Fontana has a contract with Pagcor, and, if Pagcor wants changes, it should negotiate them, not order them unilaterally. Fontana’s discounted tax rate – another source indicates it pays 10% on mass revenue plus 10% of net VIP win after commissions, which could bring payments well below 5% of revenue – arose from the need to attract investment after the U.S. left Clark and its surroundings, 244 square miles (632 square kilometers) in all. Creating a special economic zone with tax incentives was a key tool, and Fontana has invested more than $100 million to develop its resort.

A key complaint from foreign investors about the Philippines remains that the government doesn’t keep its word. The previous Pagcor management team, appointed by then-President Benigno Aquino III in 2010 and credited with bringing more professionalism to the regulator that also operates 11 casinos, assiduously respected earlier Pagcor executives’ decisions and, when the Bureau of Internal Revenue decided to tax Pagcor licensees on gaming revenue, Pagcor cut its fees to keep licensees’ net outlays unchanged. (The Supreme Court earlier this year overturned the tax, ruling on a lawsuit brought by Bloomberry Resorts Chairman Enrique Razon Jr, the billionaire ports magnate who opened Solaire in Manila’s Entertainment City in 2014.)

On the other hand, Duterte has no problem overturning what’s come before. In the early days of the new administration, Pagcor moved against PhilWeb, which ran electronic gaming parlors, following the president’s lead as he attacked both online gaming and PhilWeb’s majority shareholder Roberto Ongpin, a former government minister.

Duterte has also ordered Pagcor to sell its casinos and focus on regulation, a move long urged by experts but avoided by previous leaders, who wanted legislators to endorse the move that would reduce patronage opportunities and jobs in general.

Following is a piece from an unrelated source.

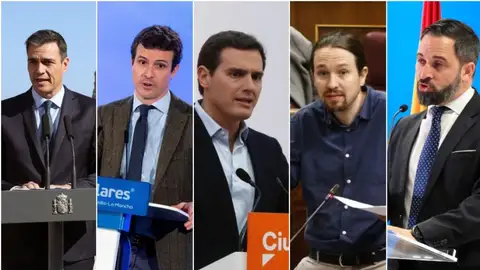 Noticias 2 Antena 3 (25-02-19) Los cinco partidos políticos invitados al debate de Atresmedia muestran su disposición a participar Noticias 2 Antena 3 (25-02-19) Los cinco partidos políticos invitados al debate de Atresmedia muestran su disposición a participar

Even when making a positive move, Duterte appears to act by impulse and fiat.

The reported reaction to the arrests from Jack Lam indicates that, like the political culture, Philippine business culture still has a good deal of evolving to do. That was true of Macau after casino liberalization, where even competitive bidding was a foreign concept 15 years ago. But lasting change will succeed best by instituting better policies and procedures through the administrative and legislative process, not by tough talk, grandstanding gestures and prosecution by press.